The Court examined principles of contractual construction, citing the following from Re Concrete Construction Group Pty Ltd (1997) 1 QdR 6:
"the process involved is one of making, certifying and paying progress claims. Such claims and payments are, in building contracts in the common form, always intended to be provisional only … That is to say, they await the day when a final certificate issues, in which the ultimate indebtedness by one party to the other is ascertained and fixed. Before that stage is reached, it is generally correct to say that no payment is capable of finally determining the rights of the parties with respect to matters in dispute between them. So much is expressly recognised in this instance by cl 42.1".
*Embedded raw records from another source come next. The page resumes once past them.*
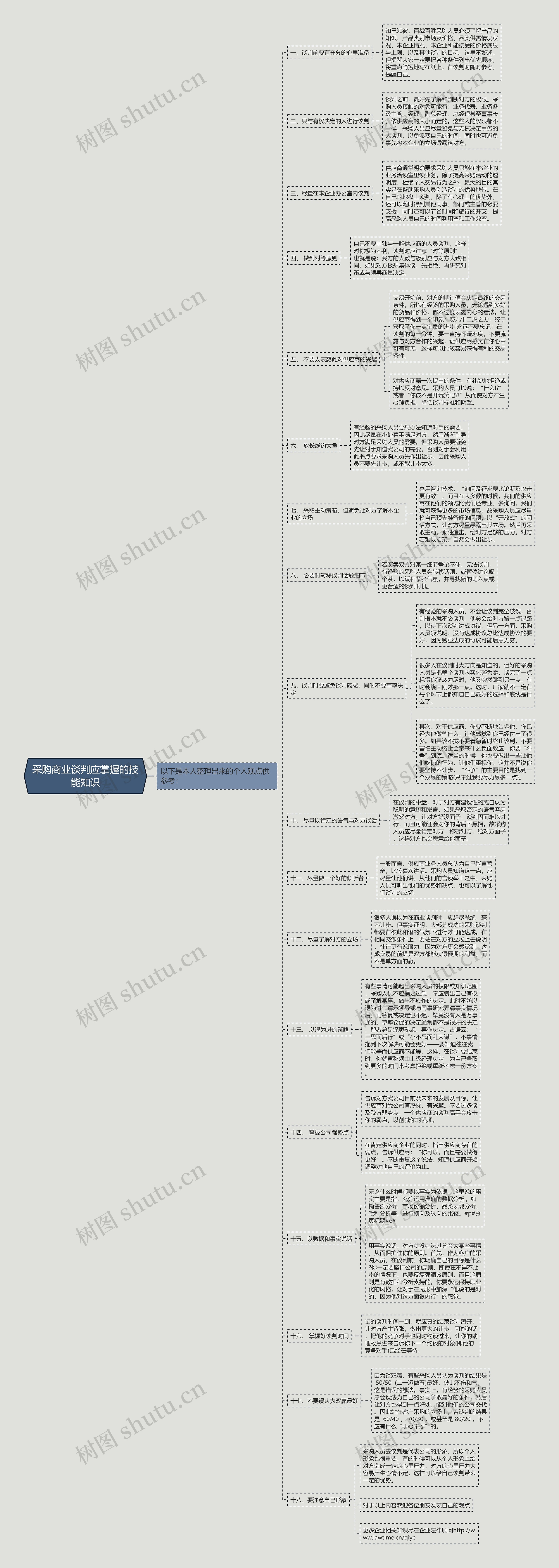 采购商业谈判应掌握的技能知识思维导图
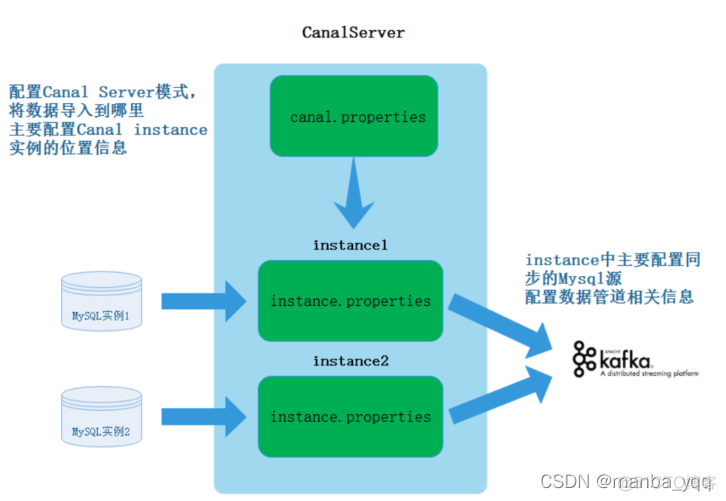 使用Canal同步MySQL数据到Kafka_mysql_03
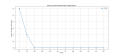 Thumbnail for version as of 01:47, 30 March 2025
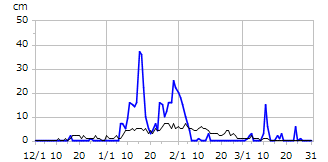 平成22年度積雪深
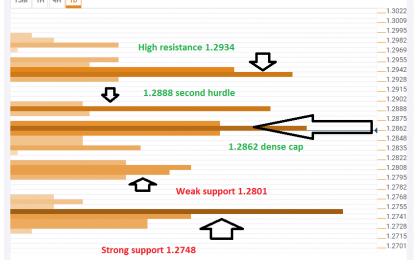 GBP/USD Remains Under Pressure Despite The Recent Recovery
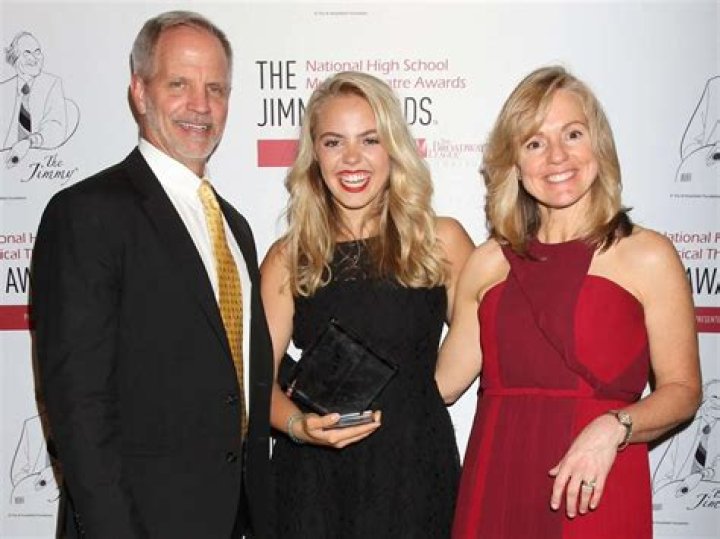 Anthony & Renee Rapp: A Hollywood Family Dynasty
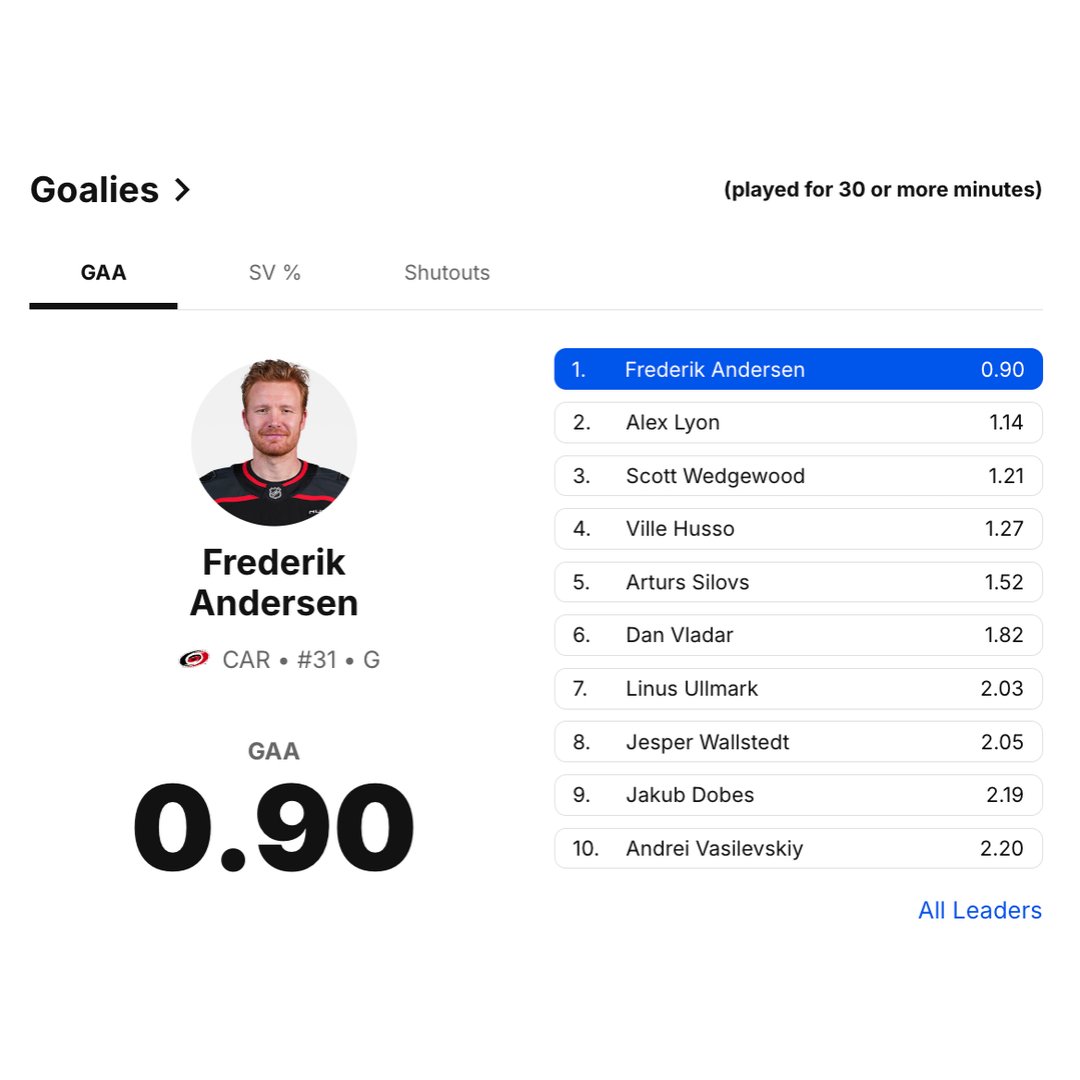 Carolina Hurricanes tweet media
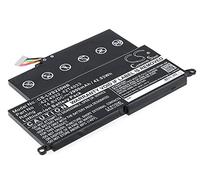 TECHTEK Battery 2900mAh compatible with [Lenovo] Thinkpad Edge E220s, ThinkPad Edge E420S replaces 42T4928, 42T4929, 42T4930, 42T4931, 42T4932, 42T4933, 42T4934, 42T4935, 42T4976, 42T4984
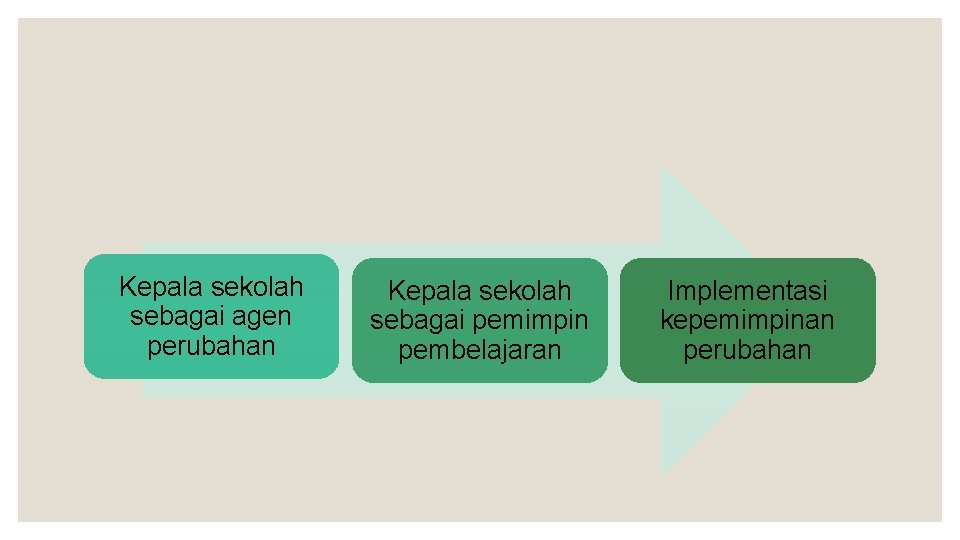 Kepala sekolah sebagai agen perubahan Kepala sekolah sebagai pemimpin pembelajaran Implementasi kepemimpinan perubahan 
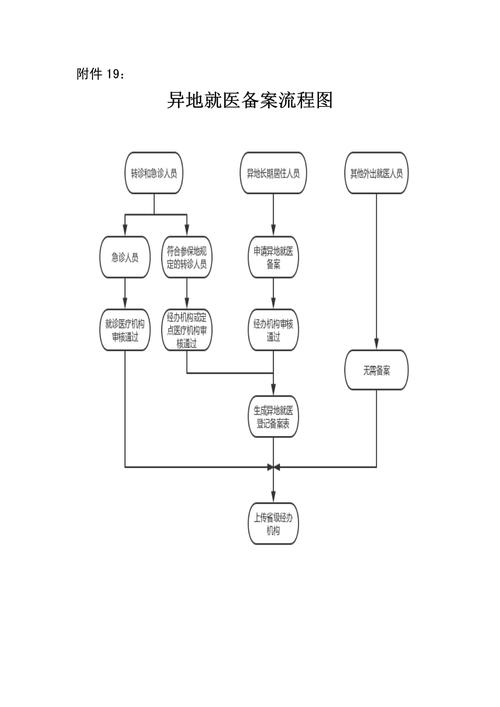 小程序备案指南,从零到大,小程序备案必走的流程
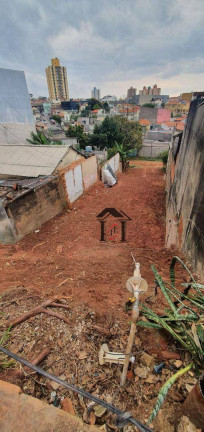 Imagem Terreno à Venda, 345 m² em Vila M Genoveva - Jundiaí Imagem Terreno à Venda, 345 m² em Vila M Genoveva - Jundiaí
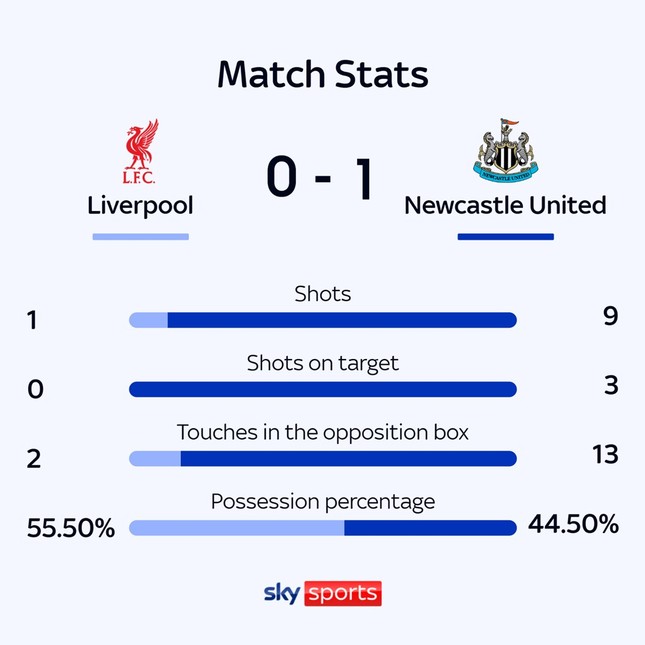 Hạ đẹp Liverpool, Newcastle vô địch League Cup, chấm dứt 70 năm không danh hiệu ảnh 18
The Court accepted that the character of liquidated damages payments under clause 35.6 are provisional only and that, consequently, AS2124 requires liquidated damages claims to be certified via the payment provisions in clause 42.
However, the Court noted that as this was an application for summary judgment, it was not required to conclusively determine the proper construction of clause 35.6, but only to be satisfied that the construction proposed by Doric was an arguably good defence to Seafocus' claim. The Court was so satisfied and dismissed Seafocus' application for summary judgment.
Too late, you're bound by your deed
Realm Resources v Aurora Place Investments  NSWSC 379 looks at whether a sublease agreement constituted a deed, rather than a simple agreement. An important difference between deeds and agreements is when they become binding on a party: it is presumed that once a party signs, seals and delivers a deed, it is bound immediately and cannot withdraw, even if the other party is yet to sign.
In this case, the tenant, Realm, claimed the agreement intended to operate as a simple contract (not as a deed) and purported to withdraw from the agreement before it was binding on the parties. In contrast, the landlord, Aurora, claimed that Realm had executed and delivered the sublease as a deed, and thereby became bound by it and was unable to resile from the deal.
The sublease contained competing indications of intention as to whether or not it was a deed. However, weighing up these features, Justice Darke found that the indications that the parties intended the sublease to take effect as a deed, prevailed. The sublease contained a substantive provision that expressed that the sublease should operate as a deed. He indicated that the form of language typically used with deeds (for example, referring to terms as "covenants") was not indicative of a simple agreement rather than a deed. Similarly, Justice Darke observed that the usual attestation language, such as “signed, sealed and delivered”, was not necessary given the passing of legislation relaxing the formalities for the execution of deeds and the existence of an express statement that the instrument is a deed.
Following satisfaction of the formal requirements for a deed, the next issue was to establish that "delivery" of the deed had occurred. Once Realm executed the sublease as a deed and provided executed copies to Aurora, all that was left was for Aurora to execute and deliver the sublease. In its dealings, there was nothing said or done by Realm to rebut the ordinary presumption that Realm intended to be bound immediately upon execution of the sublease.
The take-out from this case is to beware of the implications of executing a deed. If the execution of a deed is not intended to constitute delivery, this should be made clear. For example, express wording should be included in the instrument to the effect that the deed is not delivered and will not be binding upon the parties until all parties have executed the deed.